## REQUIRED ACTION
Go through the listing and write out each line exactly.

## SUPPLIED DATA
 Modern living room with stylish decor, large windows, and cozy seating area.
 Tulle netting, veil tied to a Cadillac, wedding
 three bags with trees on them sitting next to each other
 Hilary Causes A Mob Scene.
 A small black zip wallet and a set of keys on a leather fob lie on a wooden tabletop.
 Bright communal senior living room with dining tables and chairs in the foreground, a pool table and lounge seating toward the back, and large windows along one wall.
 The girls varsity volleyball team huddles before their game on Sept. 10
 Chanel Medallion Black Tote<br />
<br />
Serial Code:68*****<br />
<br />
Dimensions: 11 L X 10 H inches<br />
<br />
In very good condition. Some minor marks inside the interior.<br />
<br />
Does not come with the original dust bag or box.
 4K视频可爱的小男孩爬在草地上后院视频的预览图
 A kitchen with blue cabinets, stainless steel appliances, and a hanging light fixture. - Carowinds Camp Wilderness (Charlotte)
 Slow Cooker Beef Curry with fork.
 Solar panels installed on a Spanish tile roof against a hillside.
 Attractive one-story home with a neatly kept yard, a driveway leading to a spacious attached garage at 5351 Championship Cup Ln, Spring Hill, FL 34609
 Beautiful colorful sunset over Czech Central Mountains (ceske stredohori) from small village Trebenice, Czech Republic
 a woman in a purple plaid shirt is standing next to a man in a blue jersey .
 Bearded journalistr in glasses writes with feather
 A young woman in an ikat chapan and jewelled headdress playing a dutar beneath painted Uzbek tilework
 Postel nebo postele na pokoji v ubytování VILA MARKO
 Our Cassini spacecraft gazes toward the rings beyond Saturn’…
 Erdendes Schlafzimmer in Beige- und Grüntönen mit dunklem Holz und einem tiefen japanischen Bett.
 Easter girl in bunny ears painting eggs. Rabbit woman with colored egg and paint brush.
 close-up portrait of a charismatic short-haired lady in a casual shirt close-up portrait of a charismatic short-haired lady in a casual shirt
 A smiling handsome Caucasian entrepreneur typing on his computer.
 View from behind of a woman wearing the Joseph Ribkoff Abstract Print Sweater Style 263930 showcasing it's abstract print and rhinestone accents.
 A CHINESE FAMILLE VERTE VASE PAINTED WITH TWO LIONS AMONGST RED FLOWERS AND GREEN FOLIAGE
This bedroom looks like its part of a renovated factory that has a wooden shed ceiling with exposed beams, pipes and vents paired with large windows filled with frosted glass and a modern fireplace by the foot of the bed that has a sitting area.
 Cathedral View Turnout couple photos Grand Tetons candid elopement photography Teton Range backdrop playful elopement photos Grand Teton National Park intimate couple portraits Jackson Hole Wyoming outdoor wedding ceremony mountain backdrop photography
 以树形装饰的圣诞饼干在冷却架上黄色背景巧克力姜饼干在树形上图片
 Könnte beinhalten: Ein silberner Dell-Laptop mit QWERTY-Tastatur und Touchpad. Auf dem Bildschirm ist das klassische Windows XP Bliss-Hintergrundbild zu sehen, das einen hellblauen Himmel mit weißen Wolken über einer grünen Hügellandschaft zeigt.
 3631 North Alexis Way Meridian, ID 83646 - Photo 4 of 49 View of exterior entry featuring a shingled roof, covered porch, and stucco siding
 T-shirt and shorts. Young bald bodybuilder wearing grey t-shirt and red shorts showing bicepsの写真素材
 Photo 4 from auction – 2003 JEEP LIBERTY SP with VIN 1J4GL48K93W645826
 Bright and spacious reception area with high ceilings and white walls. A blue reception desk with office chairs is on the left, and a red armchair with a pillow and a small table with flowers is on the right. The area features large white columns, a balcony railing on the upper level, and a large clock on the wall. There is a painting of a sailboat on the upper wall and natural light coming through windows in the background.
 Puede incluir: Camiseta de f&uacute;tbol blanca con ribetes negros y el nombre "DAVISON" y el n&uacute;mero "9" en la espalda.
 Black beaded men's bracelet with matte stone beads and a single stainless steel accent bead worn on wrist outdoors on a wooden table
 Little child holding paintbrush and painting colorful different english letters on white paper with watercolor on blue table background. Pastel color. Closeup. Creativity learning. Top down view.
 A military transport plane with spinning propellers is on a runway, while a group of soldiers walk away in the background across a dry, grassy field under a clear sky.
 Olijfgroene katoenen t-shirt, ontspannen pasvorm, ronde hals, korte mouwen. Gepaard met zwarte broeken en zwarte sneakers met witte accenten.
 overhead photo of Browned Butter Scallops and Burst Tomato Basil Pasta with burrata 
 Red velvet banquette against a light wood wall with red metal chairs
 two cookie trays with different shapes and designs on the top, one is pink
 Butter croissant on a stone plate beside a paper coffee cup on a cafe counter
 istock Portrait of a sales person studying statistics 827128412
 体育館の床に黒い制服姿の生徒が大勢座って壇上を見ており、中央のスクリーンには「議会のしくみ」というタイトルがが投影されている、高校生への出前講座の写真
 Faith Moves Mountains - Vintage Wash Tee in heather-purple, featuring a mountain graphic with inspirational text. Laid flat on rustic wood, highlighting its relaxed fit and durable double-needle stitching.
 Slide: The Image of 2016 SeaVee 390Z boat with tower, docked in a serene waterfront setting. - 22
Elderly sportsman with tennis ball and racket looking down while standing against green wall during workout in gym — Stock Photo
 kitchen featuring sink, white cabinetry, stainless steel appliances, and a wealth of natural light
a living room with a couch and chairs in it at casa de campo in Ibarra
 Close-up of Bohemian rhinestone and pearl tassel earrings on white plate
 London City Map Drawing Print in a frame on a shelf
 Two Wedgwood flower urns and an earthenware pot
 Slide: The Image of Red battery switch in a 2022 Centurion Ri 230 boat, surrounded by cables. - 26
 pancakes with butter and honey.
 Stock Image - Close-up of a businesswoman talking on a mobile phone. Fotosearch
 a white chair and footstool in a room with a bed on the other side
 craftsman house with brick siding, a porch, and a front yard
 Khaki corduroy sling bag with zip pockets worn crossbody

## WRITTEN RESPONSE
 Modern living room with stylish decor, large windows, and cozy seating area.
 Tulle netting, veil tied to a Cadillac, wedding
 three bags with trees on them sitting next to each other
 Hilary Causes A Mob Scene.
 A small black zip wallet and a set of keys on a leather fob lie on a wooden tabletop.
 Bright communal senior living room with dining tables and chairs in the foreground, a pool table and lounge seating toward the back, and large windows along one wall.
 The girls varsity volleyball team huddles before their game on Sept. 10
 Chanel Medallion Black Tote<br />
<br />
Serial Code:68*****<br />
<br />
Dimensions: 11 L X 10 H inches<br />
<br />
In very good condition. Some minor marks inside the interior.<br />
<br />
Does not come with the original dust bag or box.
 4K视频可爱的小男孩爬在草地上后院视频的预览图
 A kitchen with blue cabinets, stainless steel appliances, and a hanging light fixture. - Carowinds Camp Wilderness (Charlotte)
 Slow Cooker Beef Curry with fork.
 Solar panels installed on a Spanish tile roof against a hillside.
 Attractive one-story home with a neatly kept yard, a driveway leading to a spacious attached garage at 5351 Championship Cup Ln, Spring Hill, FL 34609
 Beautiful colorful sunset over Czech Central Mountains (ceske stredohori) from small village Trebenice, Czech Republic
 a woman in a purple plaid shirt is standing next to a man in a blue jersey .
 Bearded journalistr in glasses writes with feather
 A young woman in an ikat chapan and jewelled headdress playing a dutar beneath painted Uzbek tilework
 Postel nebo postele na pokoji v ubytování VILA MARKO
 Our Cassini spacecraft gazes toward the rings beyond Saturn’…
 Erdendes Schlafzimmer in Beige- und Grüntönen mit dunklem Holz und einem tiefen japanischen Bett.
 Easter girl in bunny ears painting eggs. Rabbit woman with colored egg and paint brush.
 close-up portrait of a charismatic short-haired lady in a casual shirt close-up portrait of a charismatic short-haired lady in a casual shirt
 A smiling handsome Caucasian entrepreneur typing on his computer.
 View from behind of a woman wearing the Joseph Ribkoff Abstract Print Sweater Style 263930 showcasing it's abstract print and rhinestone accents.
 A CHINESE FAMILLE VERTE VASE PAINTED WITH TWO LIONS AMONGST RED FLOWERS AND GREEN FOLIAGE
This bedroom looks like its part of a renovated factory that has a wooden shed ceiling with exposed beams, pipes and vents paired with large windows filled with frosted glass and a modern fireplace by the foot of the bed that has a sitting area.
 Cathedral View Turnout couple photos Grand Tetons candid elopement photography Teton Range backdrop playful elopement photos Grand Teton National Park intimate couple portraits Jackson Hole Wyoming outdoor wedding ceremony mountain backdrop photography
 以树形装饰的圣诞饼干在冷却架上黄色背景巧克力姜饼干在树形上图片
 Könnte beinhalten: Ein silberner Dell-Laptop mit QWERTY-Tastatur und Touchpad. Auf dem Bildschirm ist das klassische Windows XP Bliss-Hintergrundbild zu sehen, das einen hellblauen Himmel mit weißen Wolken über einer grünen Hügellandschaft zeigt.
 3631 North Alexis Way Meridian, ID 83646 - Photo 4 of 49 View of exterior entry featuring a shingled roof, covered porch, and stucco siding
 T-shirt and shorts. Young bald bodybuilder wearing grey t-shirt and red shorts showing bicepsの写真素材
 Photo 4 from auction – 2003 JEEP LIBERTY SP with VIN 1J4GL48K93W645826
 Bright and spacious reception area with high ceilings and white walls. A blue reception desk with office chairs is on the left, and a red armchair with a pillow and a small table with flowers is on the right. The area features large white columns, a balcony railing on the upper level, and a large clock on the wall. There is a painting of a sailboat on the upper wall and natural light coming through windows in the background.
 Puede incluir: Camiseta de f&uacute;tbol blanca con ribetes negros y el nombre "DAVISON" y el n&uacute;mero "9" en la espalda.
 Black beaded men's bracelet with matte stone beads and a single stainless steel accent bead worn on wrist outdoors on a wooden table
 Little child holding paintbrush and painting colorful different english letters on white paper with watercolor on blue table background. Pastel color. Closeup. Creativity learning. Top down view.
 A military transport plane with spinning propellers is on a runway, while a group of soldiers walk away in the background across a dry, grassy field under a clear sky.
 Olijfgroene katoenen t-shirt, ontspannen pasvorm, ronde hals, korte mouwen. Gepaard met zwarte broeken en zwarte sneakers met witte accenten.
 overhead photo of Browned Butter Scallops and Burst Tomato Basil Pasta with burrata 
 Red velvet banquette against a light wood wall with red metal chairs
 two cookie trays with different shapes and designs on the top, one is pink
 Butter croissant on a stone plate beside a paper coffee cup on a cafe counter
 istock Portrait of a sales person studying statistics 827128412
 体育館の床に黒い制服姿の生徒が大勢座って壇上を見ており、中央のスクリーンには「議会のしくみ」というタイトルがが投影されている、高校生への出前講座の写真
 Faith Moves Mountains - Vintage Wash Tee in heather-purple, featuring a mountain graphic with inspirational text. Laid flat on rustic wood, highlighting its relaxed fit and durable double-needle stitching.
 Slide: The Image of 2016 SeaVee 390Z boat with tower, docked in a serene waterfront setting. - 22
Elderly sportsman with tennis ball and racket looking down while standing against green wall during workout in gym — Stock Photo
 kitchen featuring sink, white cabinetry, stainless steel appliances, and a wealth of natural light
a living room with a couch and chairs in it at casa de campo in Ibarra
 Close-up of Bohemian rhinestone and pearl tassel earrings on white plate
 London City Map Drawing Print in a frame on a shelf
 Two Wedgwood flower urns and an earthenware pot
 Slide: The Image of Red battery switch in a 2022 Centurion Ri 230 boat, surrounded by cables. - 26
 pancakes with butter and honey.
 Stock Image - Close-up of a businesswoman talking on a mobile phone. Fotosearch
 a white chair and footstool in a room with a bed on the other side
 craftsman house with brick siding, a porch, and a front yard
 Khaki corduroy sling bag with zip pockets worn crossbody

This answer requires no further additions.